There have been different theories of our performance. I believe that the most important is the mind-set of the staff – the work culture. We have several leading themes in our culture. One is continuous improvement – never be satisfied with what we have achieved no matter how we have done. We can do better. We need to find ways to do better. This becomes a driving force in better customer service, in better asset performance, better commercial performance, better innovation and more.
We are also very fortunate to have enough resources to do what we want to do. Sometimes you can have very good ideas and be very motivated but ultimately, if you don’t have the resources, you can’t do it. So both continuous improvement and sufficient resources are the two major contributions.
In terms of human resources, there seems to be fewer and fewer people getting into the industry and there are huge challenges in retaining staff. So how is MTR addressing this issue?

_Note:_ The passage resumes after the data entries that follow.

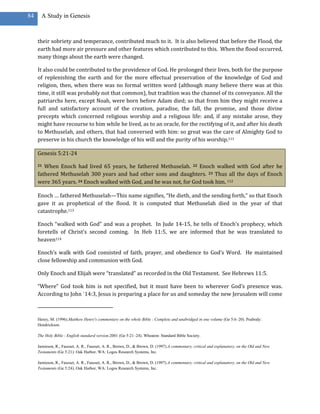 84     A Study in Genesis



     their sobriety and temperance, contributed much to it. It is also believed that before the Flood, the
     earth had more air pressure and other features which contributed to this. When the flood occurred,
     many things about the earth were changed.

     It also could be contributed to the providence of God. He prolonged their lives, both for the purpose
     of replenishing the earth and for the more effectual preservation of the knowledge of God and
     religion, then, when there was no formal written word (although many believe there was at this
     time, it still was probably not that common), but tradition was the channel of its conveyance. All the
     patriarchs here, except Noah, were born before Adam died; so that from him they might receive a
     full and satisfactory account of the creation, paradise, the fall, the promise, and those divine
     precepts which concerned religious worship and a religious life: and, if any mistake arose, they
     might have recourse to him while he lived, as to an oracle, for the rectifying of it, and after his death
     to Methuselah, and others, that had conversed with him: so great was the care of Almighty God to
     preserve in his church the knowledge of his will and the purity of his worship.111

     Genesis 5:21-24

     21 When Enoch had lived 65 years, he fathered Methuselah. 22 Enoch walked with God after he
     fathered Methuselah 300 years and had other sons and daughters. 23 Thus all the days of Enoch
     were 365 years. 24 Enoch walked with God, and he was not, for God took him. 112

     Enoch … fathered Methuselah—This name signifies, “He dieth, and the sending forth,” so that Enoch
     gave it as prophetical of the flood. It is computed that Methuselah died in the year of that
     catastrophe.113

     Enoch “walked with God” and was a prophet. In Jude 14-15, he tells of Enoch’s prophecy, which
     foretells of Christ’s second coming. In Heb 11:5, we are informed that he was translated to
     heaven114

     Enoch’s walk with God consisted of faith, prayer, and obedience to God’s Word. He maintained
     close fellowship and communion with God.

     Only Enoch and Elijah were “translated” as recorded in the Old Testament. See Hebrews 11:5.

     “Where” God took him is not specified, but it must have been to wherever God’s presence was.
     According to John `14:3, Jesus is preparing a place for us and someday the new Jerusalem will come



     Henry, M. (1996).Matthew Henry's commentary on the whole Bible : Complete and unabridged in one volume (Ge 5:6–20). Peabody:
     Hendrickson.

     The Holy Bible : English standard version.2001 (Ge 5:21–24). Wheaton: Standard Bible Society.

     Jamieson, R., Fausset, A. R., Fausset, A. R., Brown, D., & Brown, D. (1997).A commentary, critical and explanatory, on the Old and New
     Testaments (Ge 5:21). Oak Harbor, WA: Logos Research Systems, Inc.

     Jamieson, R., Fausset, A. R., Fausset, A. R., Brown, D., & Brown, D. (1997).A commentary, critical and explanatory, on the Old and New
     Testaments (Ge 5:24). Oak Harbor, WA: Logos Research Systems, Inc.
 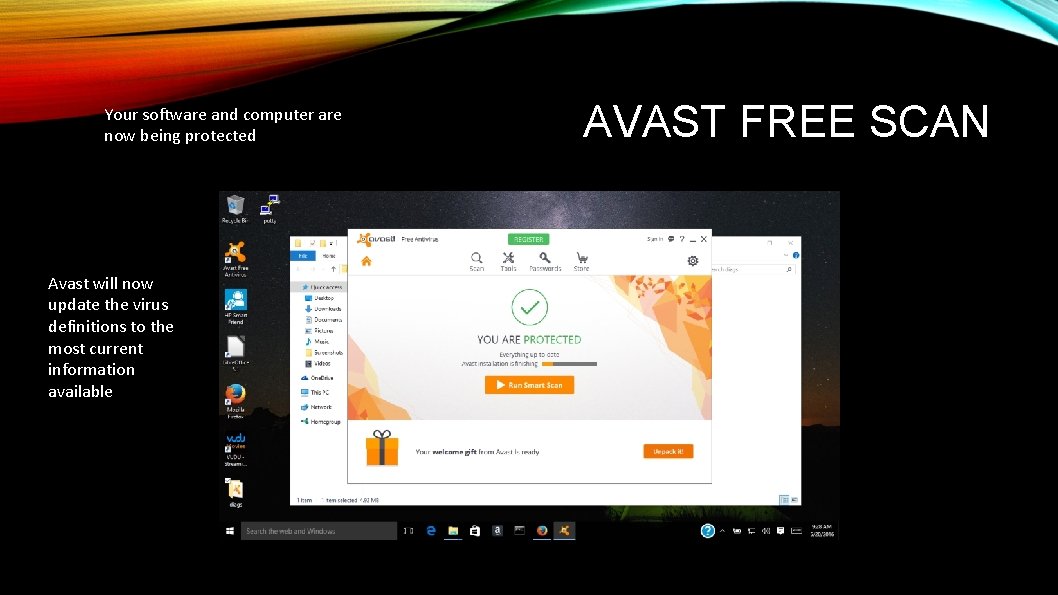 Your software and computer are now being protected Avast will now update the virus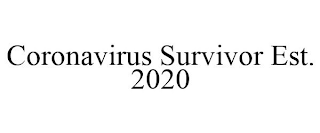 CORONAVIRUS SURVIVOR EST. 2020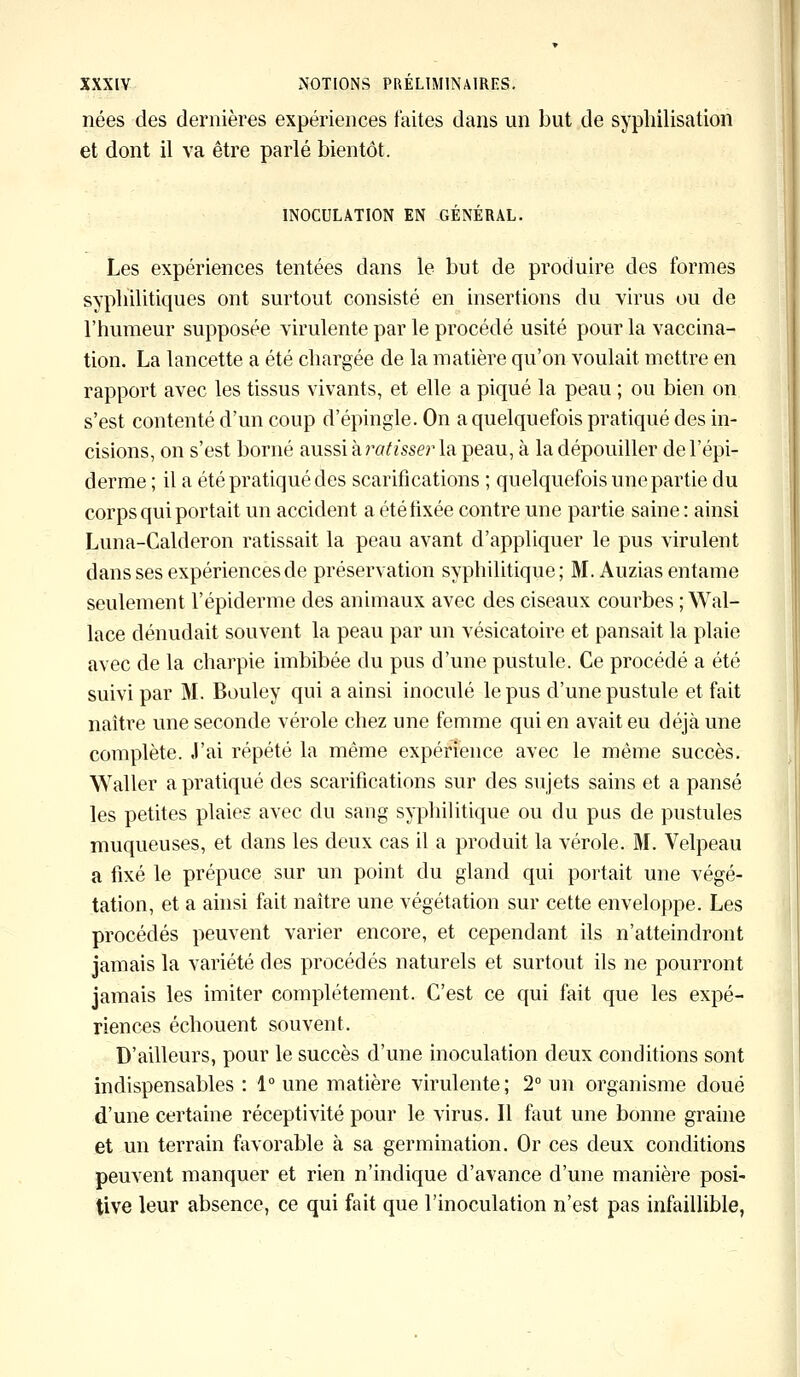 nées des dernières expériences faites dans un but de syphilisation et dont il va être parlé bientôt. INOCULATION EN GÉNÉRAL. Les expériences tentées dans le but de produire des formes syphilitiques ont surtout consisté en insertions du virus ou de l'humeur supposée virulente par le procédé usité pour la vaccina- tion. La lancette a été chargée de la matière qu'on voulait mettre en rapport avec les tissus vivants, et elle a piqué la peau ; ou bien on s'est contenté d'un coup d'épingle. On a quelquefois pratiqué des in- cisions, on s'est borné aussi à ratisser la peau, à la dépouiller de l'épi* derme ; il a été pratiqué des scarifications ; quelquefois une partie du corps qui portait un accident a été fixée contre une partie saine : ainsi Luna-Calderon ratissait la peau avant d'appliquer le pus virulent dans ses expériences de préservation syphilitique; M. Auzias entame seulement l'épiderme des animaux avec des ciseaux courbes ; Wal- lace dénudait souvent la peau par un vésicatoire et pansait la plaie avec de la charpie imbibée du pus d'une pustule. Ce procédé a été suivi par M. Bouley qui a ainsi inoculé le pus d'une pustule et fait naître une seconde vérole chez une femme qui en avait eu déjà une complète. J'ai répété la même expérience avec le même succès. Waller a pratiqué des scarifications sur des sujets sains et a pansé les petites plaies avec du sang syphilitique ou du pus de pustules muqueuses, et dans les deux cas il a produit la vérole. M. Velpeau a fixé le prépuce sur un point du gland qui portait une végé- tation, et a ainsi fait naître une végétation sur cette enveloppe. Les procédés peuvent varier encore, et cependant ils n'atteindront jamais la variété des procédés naturels et surtout ils ne pourront jamais les imiter complètement. C'est ce qui fait que les expé- riences échouent souvent. D'ailleurs, pour le succès d'une inoculation deux conditions sont indispensables : 1° une matière virulente; 2° un organisme doué d'une certaine réceptivité pour le virus. Il faut une bonne graine et un terrain favorable à sa germination. Or ces deux conditions peuvent manquer et rien n'indique d'avance d'une manière posi- tive leur absence, ce qui fait que l'inoculation n'est pas infaillible,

The interesting statistics show that for people joining MTR, the most likely time they will leave is within the first five years. Once they have gone through 5 years, either they enjoy their work very much or somehow they will stay. So we need to make sure that in those first five years, people will really fit well with the culture and they will enjoy the culture and working in MTR. However, we also face another challenge – the new generation of young people. They are much more computer literate than their predecessors but they are less inclined to do night-shift work or labour intensive work. For example, sometimes, they have to swap a computer card, but they don’t like to do that. They rather put a command into the computer, so we need to work with our young people. Our assets have to be designed to fit with their working style. That’s a challenge.
What are some of the main technologies you are looking at?
Nowadays, a lot of systems are computer based and software driven and our technicians can type in a command and do a lot of things. But at the end, no matter how advance the technologies, someone still has to do the hardware. Fortunately, our new systems are more integrated, more software-based and open platform such that we can continue to build the systems so even if the computers become obsolete, we can move to another computer and the software will continue to work. These are the directions we are moving towards.
MTR’s 99.9% reliability is based on 5-minute delays. Are you moving to a lower number or threshold in the near future ?
At the moment, people are accepting that 5 minutes a reasonable measure of delay. We are measuring not the initial delay but the cumulative delay at the end of the land. So when passengers get on and off, it should not take 5 minutes. It’s measuring right at the end. So I think the current definition of 5 minutes is still accepted as a reason criteria, though do they expect 100% on time. So we will continue to work on that.